> **Work request**
Up to and including the line that contains "Sectional Sofa - photo 5", repeat each line of the data exactly, starting from the first.

Web page caption snippets
Start of Block

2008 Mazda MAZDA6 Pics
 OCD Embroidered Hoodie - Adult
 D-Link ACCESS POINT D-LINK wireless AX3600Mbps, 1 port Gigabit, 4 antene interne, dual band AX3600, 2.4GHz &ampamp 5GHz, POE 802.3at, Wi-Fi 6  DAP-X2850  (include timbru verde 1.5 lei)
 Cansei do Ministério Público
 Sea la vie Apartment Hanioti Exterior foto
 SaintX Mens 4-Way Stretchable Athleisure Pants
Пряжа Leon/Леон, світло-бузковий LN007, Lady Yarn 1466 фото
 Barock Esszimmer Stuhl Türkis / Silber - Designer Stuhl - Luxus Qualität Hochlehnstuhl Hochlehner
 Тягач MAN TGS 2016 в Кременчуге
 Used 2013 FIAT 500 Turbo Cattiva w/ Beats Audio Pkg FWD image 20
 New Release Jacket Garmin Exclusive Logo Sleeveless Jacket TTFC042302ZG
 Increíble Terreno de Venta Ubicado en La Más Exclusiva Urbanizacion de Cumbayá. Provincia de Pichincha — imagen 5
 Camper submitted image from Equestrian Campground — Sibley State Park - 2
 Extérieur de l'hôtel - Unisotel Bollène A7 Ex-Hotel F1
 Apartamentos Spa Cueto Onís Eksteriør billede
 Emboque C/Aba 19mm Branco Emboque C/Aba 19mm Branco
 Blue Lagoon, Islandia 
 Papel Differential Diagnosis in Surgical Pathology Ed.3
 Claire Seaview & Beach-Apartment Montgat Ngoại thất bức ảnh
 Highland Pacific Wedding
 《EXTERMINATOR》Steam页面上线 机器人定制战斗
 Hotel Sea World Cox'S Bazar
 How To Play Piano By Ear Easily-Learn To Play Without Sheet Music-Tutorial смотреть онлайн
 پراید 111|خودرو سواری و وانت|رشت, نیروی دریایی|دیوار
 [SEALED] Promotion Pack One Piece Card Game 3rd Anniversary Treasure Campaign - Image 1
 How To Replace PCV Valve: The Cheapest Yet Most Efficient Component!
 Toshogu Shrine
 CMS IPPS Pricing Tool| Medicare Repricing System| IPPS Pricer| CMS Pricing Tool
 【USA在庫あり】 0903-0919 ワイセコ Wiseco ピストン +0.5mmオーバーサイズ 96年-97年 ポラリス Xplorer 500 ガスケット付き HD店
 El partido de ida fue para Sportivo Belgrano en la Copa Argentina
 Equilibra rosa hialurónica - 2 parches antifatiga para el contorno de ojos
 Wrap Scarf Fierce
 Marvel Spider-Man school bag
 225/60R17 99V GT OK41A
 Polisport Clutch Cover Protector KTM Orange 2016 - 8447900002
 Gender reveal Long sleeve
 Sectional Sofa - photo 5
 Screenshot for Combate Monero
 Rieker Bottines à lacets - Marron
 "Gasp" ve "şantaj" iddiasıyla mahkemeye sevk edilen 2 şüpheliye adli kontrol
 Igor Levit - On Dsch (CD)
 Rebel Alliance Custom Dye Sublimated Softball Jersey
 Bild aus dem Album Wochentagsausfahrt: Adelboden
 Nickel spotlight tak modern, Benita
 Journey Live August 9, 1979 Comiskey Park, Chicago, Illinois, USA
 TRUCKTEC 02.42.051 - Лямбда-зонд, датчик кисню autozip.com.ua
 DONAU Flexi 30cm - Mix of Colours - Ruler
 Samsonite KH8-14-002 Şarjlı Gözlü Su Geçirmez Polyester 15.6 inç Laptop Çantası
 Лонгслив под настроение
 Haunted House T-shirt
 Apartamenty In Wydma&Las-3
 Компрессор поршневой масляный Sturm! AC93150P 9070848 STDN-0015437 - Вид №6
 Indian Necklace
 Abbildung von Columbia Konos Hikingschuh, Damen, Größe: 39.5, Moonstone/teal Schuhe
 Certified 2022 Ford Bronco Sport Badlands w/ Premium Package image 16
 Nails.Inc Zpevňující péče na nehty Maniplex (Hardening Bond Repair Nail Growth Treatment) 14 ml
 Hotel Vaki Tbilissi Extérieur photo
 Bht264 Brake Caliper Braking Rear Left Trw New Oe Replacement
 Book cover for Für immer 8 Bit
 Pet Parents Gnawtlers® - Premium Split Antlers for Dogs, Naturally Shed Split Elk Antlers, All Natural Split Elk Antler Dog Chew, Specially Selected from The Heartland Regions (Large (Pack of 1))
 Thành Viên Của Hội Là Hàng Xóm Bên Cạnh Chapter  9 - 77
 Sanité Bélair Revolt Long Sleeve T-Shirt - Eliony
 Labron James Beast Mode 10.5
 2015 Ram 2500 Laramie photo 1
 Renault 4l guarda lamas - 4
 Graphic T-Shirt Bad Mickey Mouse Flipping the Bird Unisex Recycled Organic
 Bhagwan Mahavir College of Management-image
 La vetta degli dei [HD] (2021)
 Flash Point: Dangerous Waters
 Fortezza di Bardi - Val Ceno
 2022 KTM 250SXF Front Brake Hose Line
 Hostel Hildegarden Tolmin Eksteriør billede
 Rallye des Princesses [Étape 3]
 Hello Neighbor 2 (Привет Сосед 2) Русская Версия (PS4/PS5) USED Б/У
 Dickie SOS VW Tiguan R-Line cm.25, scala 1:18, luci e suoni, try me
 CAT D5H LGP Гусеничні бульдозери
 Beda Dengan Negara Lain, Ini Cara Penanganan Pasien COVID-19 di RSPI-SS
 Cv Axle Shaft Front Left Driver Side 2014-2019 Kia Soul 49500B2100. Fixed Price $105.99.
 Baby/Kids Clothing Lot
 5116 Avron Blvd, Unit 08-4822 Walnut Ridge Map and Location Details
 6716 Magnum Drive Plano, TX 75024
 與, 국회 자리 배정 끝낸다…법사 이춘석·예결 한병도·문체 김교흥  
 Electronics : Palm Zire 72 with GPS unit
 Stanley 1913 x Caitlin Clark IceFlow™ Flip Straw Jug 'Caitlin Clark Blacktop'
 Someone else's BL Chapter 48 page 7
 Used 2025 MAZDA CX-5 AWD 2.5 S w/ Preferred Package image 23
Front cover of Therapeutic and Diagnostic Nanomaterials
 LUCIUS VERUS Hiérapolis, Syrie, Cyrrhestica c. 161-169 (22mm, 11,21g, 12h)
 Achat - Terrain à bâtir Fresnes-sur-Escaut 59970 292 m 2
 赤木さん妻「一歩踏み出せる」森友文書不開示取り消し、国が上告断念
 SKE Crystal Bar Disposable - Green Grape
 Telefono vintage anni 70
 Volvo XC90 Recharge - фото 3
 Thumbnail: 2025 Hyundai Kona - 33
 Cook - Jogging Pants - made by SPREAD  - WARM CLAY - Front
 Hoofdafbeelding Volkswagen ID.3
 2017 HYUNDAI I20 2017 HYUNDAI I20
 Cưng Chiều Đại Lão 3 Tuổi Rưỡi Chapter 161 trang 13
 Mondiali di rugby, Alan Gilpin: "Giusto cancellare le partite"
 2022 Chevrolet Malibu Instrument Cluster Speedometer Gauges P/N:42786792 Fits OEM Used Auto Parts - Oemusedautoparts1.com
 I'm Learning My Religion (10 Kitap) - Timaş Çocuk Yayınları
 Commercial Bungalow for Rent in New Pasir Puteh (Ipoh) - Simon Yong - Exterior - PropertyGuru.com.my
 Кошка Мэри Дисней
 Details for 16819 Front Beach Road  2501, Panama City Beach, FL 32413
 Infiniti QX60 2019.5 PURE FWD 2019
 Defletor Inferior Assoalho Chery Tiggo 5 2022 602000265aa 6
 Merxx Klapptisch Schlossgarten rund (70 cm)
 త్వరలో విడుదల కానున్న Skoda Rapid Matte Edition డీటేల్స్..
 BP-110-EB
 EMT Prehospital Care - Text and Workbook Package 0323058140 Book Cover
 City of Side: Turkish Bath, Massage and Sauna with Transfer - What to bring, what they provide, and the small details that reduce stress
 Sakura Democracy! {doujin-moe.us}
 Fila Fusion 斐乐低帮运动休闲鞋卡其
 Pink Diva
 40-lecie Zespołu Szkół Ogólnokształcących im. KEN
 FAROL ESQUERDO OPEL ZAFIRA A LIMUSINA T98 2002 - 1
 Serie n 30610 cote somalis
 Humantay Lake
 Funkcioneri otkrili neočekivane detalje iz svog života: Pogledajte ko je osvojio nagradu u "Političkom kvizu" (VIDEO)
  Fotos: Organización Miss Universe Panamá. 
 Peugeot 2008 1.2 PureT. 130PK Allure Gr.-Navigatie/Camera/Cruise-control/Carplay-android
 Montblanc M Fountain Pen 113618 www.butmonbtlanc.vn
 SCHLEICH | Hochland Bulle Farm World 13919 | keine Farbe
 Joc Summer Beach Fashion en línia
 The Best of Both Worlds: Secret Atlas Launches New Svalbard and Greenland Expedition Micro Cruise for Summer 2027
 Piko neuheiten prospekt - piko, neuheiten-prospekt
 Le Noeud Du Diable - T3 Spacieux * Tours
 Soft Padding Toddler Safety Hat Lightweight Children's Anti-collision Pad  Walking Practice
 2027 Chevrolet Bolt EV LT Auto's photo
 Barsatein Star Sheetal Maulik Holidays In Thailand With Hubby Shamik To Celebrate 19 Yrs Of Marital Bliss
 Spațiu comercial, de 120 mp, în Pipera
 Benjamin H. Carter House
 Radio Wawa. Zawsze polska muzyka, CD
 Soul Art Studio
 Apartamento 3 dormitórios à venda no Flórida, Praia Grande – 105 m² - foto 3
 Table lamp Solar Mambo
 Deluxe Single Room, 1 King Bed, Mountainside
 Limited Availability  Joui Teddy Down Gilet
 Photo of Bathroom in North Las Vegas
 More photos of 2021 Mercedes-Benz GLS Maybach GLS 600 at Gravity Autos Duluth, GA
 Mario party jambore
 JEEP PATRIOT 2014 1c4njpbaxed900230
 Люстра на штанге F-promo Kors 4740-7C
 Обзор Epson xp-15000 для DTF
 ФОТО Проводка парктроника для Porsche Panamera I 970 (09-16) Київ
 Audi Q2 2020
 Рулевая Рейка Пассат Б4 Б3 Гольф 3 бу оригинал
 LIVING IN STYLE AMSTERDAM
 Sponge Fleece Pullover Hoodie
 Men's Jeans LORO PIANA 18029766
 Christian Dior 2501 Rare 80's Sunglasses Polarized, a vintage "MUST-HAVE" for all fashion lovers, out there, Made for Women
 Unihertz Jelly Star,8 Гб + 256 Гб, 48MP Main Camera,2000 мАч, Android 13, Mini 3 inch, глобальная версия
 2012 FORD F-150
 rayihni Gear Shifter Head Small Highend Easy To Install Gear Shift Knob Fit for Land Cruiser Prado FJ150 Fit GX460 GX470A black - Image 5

End of Block

> **Result for this exercise**
2008 Mazda MAZDA6 Pics
 OCD Embroidered Hoodie - Adult
 D-Link ACCESS POINT D-LINK wireless AX3600Mbps, 1 port Gigabit, 4 antene interne, dual band AX3600, 2.4GHz &ampamp 5GHz, POE 802.3at, Wi-Fi 6  DAP-X2850  (include timbru verde 1.5 lei)
 Cansei do Ministério Público
 Sea la vie Apartment Hanioti Exterior foto
 SaintX Mens 4-Way Stretchable Athleisure Pants
Пряжа Leon/Леон, світло-бузковий LN007, Lady Yarn 1466 фото
 Barock Esszimmer Stuhl Türkis / Silber - Designer Stuhl - Luxus Qualität Hochlehnstuhl Hochlehner
 Тягач MAN TGS 2016 в Кременчуге
 Used 2013 FIAT 500 Turbo Cattiva w/ Beats Audio Pkg FWD image 20
 New Release Jacket Garmin Exclusive Logo Sleeveless Jacket TTFC042302ZG
 Increíble Terreno de Venta Ubicado en La Más Exclusiva Urbanizacion de Cumbayá. Provincia de Pichincha — imagen 5
 Camper submitted image from Equestrian Campground — Sibley State Park - 2
 Extérieur de l'hôtel - Unisotel Bollène A7 Ex-Hotel F1
 Apartamentos Spa Cueto Onís Eksteriør billede
 Emboque C/Aba 19mm Branco Emboque C/Aba 19mm Branco
 Blue Lagoon, Islandia 
 Papel Differential Diagnosis in Surgical Pathology Ed.3
 Claire Seaview & Beach-Apartment Montgat Ngoại thất bức ảnh
 Highland Pacific Wedding
 《EXTERMINATOR》Steam页面上线 机器人定制战斗
 Hotel Sea World Cox'S Bazar
 How To Play Piano By Ear Easily-Learn To Play Without Sheet Music-Tutorial смотреть онлайн
 پراید 111|خودرو سواری و وانت|رشت, نیروی دریایی|دیوار
 [SEALED] Promotion Pack One Piece Card Game 3rd Anniversary Treasure Campaign - Image 1
 How To Replace PCV Valve: The Cheapest Yet Most Efficient Component!
 Toshogu Shrine
 CMS IPPS Pricing Tool| Medicare Repricing System| IPPS Pricer| CMS Pricing Tool
 【USA在庫あり】 0903-0919 ワイセコ Wiseco ピストン +0.5mmオーバーサイズ 96年-97年 ポラリス Xplorer 500 ガスケット付き HD店
 El partido de ida fue para Sportivo Belgrano en la Copa Argentina
 Equilibra rosa hialurónica - 2 parches antifatiga para el contorno de ojos
 Wrap Scarf Fierce
 Marvel Spider-Man school bag
 225/60R17 99V GT OK41A
 Polisport Clutch Cover Protector KTM Orange 2016 - 8447900002
 Gender reveal Long sleeve
 Sectional Sofa - photo 5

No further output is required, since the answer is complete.